Ese domingo él entró a mi habitación, estaba raro, me miraba intensamente, daba vueltas mientras yo arreglaba mis cosas, y de pronto se lanza contra mí. Yo lo empujo y le digo: “Qué carajos te pasa”. Él me mira furioso y me tira un puñete en la cara con toda su fuerza. Es la primera vez que alguien me golpea. Mi cara me arde y me duele, pero me quedo paralizada. Sentada en la cama pienso: “Ya me cagué, de aquí no salgo viva”. Miro la puerta, la ventana, calculo por dónde puedo salir, él está frente a mí parado golpeando la pared. “Si me viola, ¿me resisto? Me va a romper la cara. ¿Soporto? Prefiero morir. Mi primera vez no puede ser una violación”.

Sentía que lloraba y me hundía por dentro, pero hacia afuera estaba seria, tranquila, como si fuera a negociar algo, sabía que por lo menos iba a negociar mi vida. Él tenía 1.80, yo un poco más de un metro y medio. 40 kilos frente a 80. No tenía la menor posibilidad de salir sin que me viole. Seguía sentada esperando algo que era inminente. Nunca tuve tanto miedo de morir como en ese momento. Estaba aterrorizada y paralizada, lo único que funcionaba era mi cerebro planeando formas inútiles de escape, mi cuerpo no respondía ni siquiera para pararme, ir al baño, encerrarme. “Si me paro me va a agarrar de los pelos, si me quedo acá me va a moler a golpes”.

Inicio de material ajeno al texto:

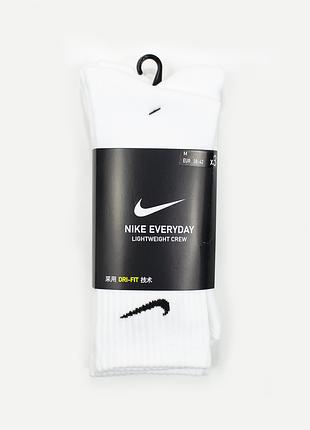 Шкарпетки nike everyday lightweight crew високі білі sx7676-100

Y seguía sentada, hasta que dejó de golpear la pared, abrió la puerta y se fue. No sé cuántos hombres viven experiencias así de terroríficas con mujeres, pero puedo calcular cuántas mujeres han pasado por experiencias como estas. La mayoría. Y la mayoría no denuncia. Yo no denuncié a este tipejo que me golpeó, como no he denunciado tantas cosas, porque quería dejarlas atrás, como un recuerdo que ya no vuelve a ser habitado, pero vuelve cada vez que una mujer sufre una violencia.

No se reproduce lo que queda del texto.